La santé est enfin une priorité de la COP28. Cela encouragera-t-il une action climatique plus rapide ?

Arianne Teherani a un message fort et clair pour les négociateurs de la COP28 : « Le changement climatique porte fondamentalement atteinte à la santé humaine, partout dans le monde, à l’heure actuelle. »

Teherani, professeur à l’UC San Francisco et codirecteur fondateur du Centre UC pour le climat, la santé et l’équité, fait partie des dizaines d’experts représentant l’Université de Californie à la grande convention annuelle sur le climat de l’ONU, qui s’ouvre aujourd’hui à Dubaï. Elle et ses collègues délégués de l’UC passeront leur temps lors de cet événement de deux semaines à travailler pour présenter des informations scientifiques aux représentants gouvernementaux représentant presque toutes les nations de la planète.

Ces responsables viennent à la COP28 (abréviation de 28e Conférence des Parties à la Convention-cadre des Nations Unies sur les changements climatiques) pour conclure des accords sur des questions telles que la création d’un « fonds mondial pour les pertes et dommages » destiné à indemniser les nations pauvres pour les dommages climatiques subis en conséquence. des émissions de carbone des pays riches.
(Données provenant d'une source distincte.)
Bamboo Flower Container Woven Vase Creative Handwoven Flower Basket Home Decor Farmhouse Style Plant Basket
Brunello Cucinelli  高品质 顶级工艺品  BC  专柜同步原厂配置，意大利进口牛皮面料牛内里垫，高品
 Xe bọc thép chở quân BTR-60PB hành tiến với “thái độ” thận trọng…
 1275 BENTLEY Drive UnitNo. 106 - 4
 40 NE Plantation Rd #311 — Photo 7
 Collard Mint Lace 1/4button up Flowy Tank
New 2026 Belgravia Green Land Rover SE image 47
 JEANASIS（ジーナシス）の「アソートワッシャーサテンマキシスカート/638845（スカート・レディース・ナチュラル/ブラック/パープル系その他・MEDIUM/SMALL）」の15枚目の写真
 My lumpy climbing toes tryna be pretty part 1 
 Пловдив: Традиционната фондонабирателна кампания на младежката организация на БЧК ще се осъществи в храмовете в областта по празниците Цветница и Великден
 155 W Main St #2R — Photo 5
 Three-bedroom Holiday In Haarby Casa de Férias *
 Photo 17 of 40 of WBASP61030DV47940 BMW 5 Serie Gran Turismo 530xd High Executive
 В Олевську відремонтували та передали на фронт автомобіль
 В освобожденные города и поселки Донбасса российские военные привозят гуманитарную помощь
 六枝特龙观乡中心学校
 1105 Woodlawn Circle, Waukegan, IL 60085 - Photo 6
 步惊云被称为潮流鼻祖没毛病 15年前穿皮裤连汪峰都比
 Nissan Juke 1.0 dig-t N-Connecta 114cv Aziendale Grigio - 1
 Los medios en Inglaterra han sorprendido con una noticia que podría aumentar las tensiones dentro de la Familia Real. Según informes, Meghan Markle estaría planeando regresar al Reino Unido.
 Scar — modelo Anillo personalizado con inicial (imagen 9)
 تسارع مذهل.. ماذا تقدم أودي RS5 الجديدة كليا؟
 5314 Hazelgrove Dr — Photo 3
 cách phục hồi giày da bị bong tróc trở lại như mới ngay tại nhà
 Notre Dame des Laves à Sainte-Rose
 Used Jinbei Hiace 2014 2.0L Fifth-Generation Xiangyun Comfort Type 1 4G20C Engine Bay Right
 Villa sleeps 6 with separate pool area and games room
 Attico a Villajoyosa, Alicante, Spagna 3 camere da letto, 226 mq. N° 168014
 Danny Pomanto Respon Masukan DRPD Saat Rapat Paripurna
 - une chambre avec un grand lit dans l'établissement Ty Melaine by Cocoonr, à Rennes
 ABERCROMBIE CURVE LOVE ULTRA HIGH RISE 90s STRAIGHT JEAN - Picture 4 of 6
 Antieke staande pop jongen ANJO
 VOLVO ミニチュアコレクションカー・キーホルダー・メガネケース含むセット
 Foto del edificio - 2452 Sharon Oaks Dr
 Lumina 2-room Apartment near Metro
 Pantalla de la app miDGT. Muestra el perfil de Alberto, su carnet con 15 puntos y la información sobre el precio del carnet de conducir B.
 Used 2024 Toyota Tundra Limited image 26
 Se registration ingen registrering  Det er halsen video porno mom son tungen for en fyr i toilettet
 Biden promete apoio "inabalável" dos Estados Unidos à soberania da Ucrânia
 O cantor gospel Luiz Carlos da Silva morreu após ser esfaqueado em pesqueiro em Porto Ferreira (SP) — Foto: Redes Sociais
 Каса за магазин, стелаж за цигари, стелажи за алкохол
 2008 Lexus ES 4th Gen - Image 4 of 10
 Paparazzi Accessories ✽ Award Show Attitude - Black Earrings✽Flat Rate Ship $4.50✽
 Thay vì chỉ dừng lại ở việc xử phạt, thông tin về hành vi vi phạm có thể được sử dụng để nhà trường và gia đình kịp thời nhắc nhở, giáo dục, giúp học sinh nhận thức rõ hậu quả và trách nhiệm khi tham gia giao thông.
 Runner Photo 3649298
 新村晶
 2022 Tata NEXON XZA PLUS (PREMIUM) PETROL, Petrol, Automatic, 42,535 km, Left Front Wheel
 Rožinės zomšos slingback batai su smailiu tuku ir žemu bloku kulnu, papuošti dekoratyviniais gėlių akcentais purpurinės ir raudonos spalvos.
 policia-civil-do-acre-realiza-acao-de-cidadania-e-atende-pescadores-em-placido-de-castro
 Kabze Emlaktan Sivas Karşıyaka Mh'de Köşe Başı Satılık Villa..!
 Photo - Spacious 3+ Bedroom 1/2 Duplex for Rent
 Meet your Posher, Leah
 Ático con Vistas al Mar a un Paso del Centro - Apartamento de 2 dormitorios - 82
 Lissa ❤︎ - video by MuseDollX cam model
L’UC est une organisation officielle observatrice à la COP28, Teherani et ses collègues auront donc accès à de nombreuses réunions au cours desquelles ces décisions conséquentes sont prises. Ils prendront le micro, soumettront des commentaires écrits, présenteront des expositions et organiseront des événements et des conférences de presse pour partager ce que leurs recherches ont révélé sur tout, des rivières atmosphériques au zooplancton.

« Les observateurs sont le ciment qui rassemble ces décideurs et leur permettent d’exploiter des preuves sur lesquelles fonder leurs politiques », déclare Wael Al-Delaimy, épidémiologiste environnemental et professeur à l’École Herbert Wertheim de santé publique et de science de la longévité humaine à UC San Diego qui participe à la première semaine de la COP28. « Provenant du milieu universitaire, nous nous considérons comme la ressource de ceux qui prennent les décisions. »

Le changement climatique est une urgence sanitaire

Depuis les premières négociations mondiales de l’ONU sur le climat au début des années 1990, les contributions d’organisations observatrices comme l’UC ont joué un rôle clé dans l’élaboration de la réponse mondiale au changement climatique. Mais compte tenu des menaces désastreuses et universelles que le changement climatique fait peser sur la santé humaine, Teherani et ses collègues experts en santé de la délégation de l’UC affirment que la structure et la direction de la COP n’ont jamais suffisamment pris en compte les implications sanitaires de la crise climatique.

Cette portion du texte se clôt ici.